Mieszkańcy już kolejną dobę pełnią dyżur przy byłej Szkole Biznesu i Technologii, gdzie rząd planuje zakwaterować przybyszów. W piątek nie dali się zastraszyć pomimo licznych sił policji, sprowadzonych do miasteczka, i nie zgodzili się na kompromis władz, która obiecuje, że w pomieszczeniach byłej szkoły zamieszkają tylko rodziny z dziećmi i tylko do 1 września.
Dzisiaj przedstawiciele władzy ponownie przybyli do Dziewieniszek na rozmowy.
„Obecnie w kraju jest ogłoszona sytuacja wyjątkowa. Została podjęta decyzja o ulokowaniu w tym budynku nielegalnych migrantów, przebywających na Litwie. Decyzja już obowiązuje, została podjęta przez szefa operacji stanu wyjątkowego. Proponujemy skorygować ją, uzupełniając rozporządzenie o kilka punktów, zgodnie z którymi w tym budynku zamieszkają rodziny z małymi dziećmi – i to do 1 września, z uwagi na wyrażone tu wczoraj obawy, że obok działa szkoła” – powiedział dla mieszkańców wiceminister spraw wewnętrznych Vitalijus Dmitrijevas. Towarzyszył mu także doradca premier ds. bezpieczeństwa narodowego Kęstutis Lančinskas.
Wiceminister zapewniał, że władze nie zamierzają w tym miasteczku urządzać stałego ośrodka dla uchodźców. Planują tylko tymczasowe zakwaterowanie. „Około 150 osób” – mówił wiceminister podczas rozmowy z mieszkańcami.
„My wam nie wierzymy” – mówili rozgoryczeni mieszkańcy.

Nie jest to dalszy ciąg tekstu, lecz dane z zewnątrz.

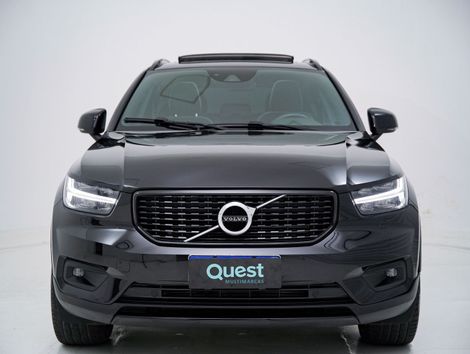 Volvo XC 40 T-5 R-DESIGN 1.5 FWD (Híbrido)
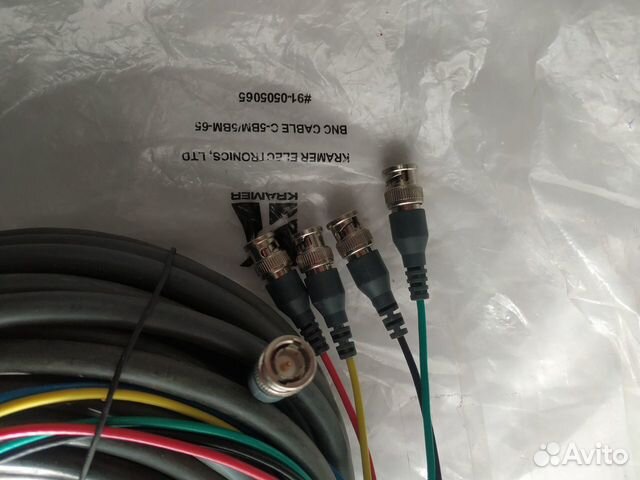 Кабель 5-коаксиальный Kramer C-5BM / 5BM - 65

Bo jak twierdzili, władza już nie raz kłamała i zmieniała zdanie ws. ośrodka dla uchodźców w Dziewieniszkach.
„Kategorycznie jesteśmy przeciw” – wołali pikietujący dziewieniszczanie. Wśród broniących swoich praw mieszkańców Dziewieniszek byli m.in. poseł z ramienia AWPL-ZChR Beata Pietkiewicz, zastępca dyrektora administracji samorządu rejonu solecznickiego Grzegorz Jurgo, radna samorządu stołecznego Renata Cytacka.
„Co będzicie robili, jeśli mieszkańcy mówią „nie”? – zapytała jedna z mieszkanek, zwracając się do odchodzących już urzędników.
„Wczoraj obiecaliśmy, że nie będziemy stosować siły” – odpowiedział Lančinskas. Dla podbiegłszych do niego dziennikarzy powiedział, że jeszcze wrócą, aby kontynuować rozmowy z mieszkańcami. „Wrócimy pracować dalej” – mówił doradca premier.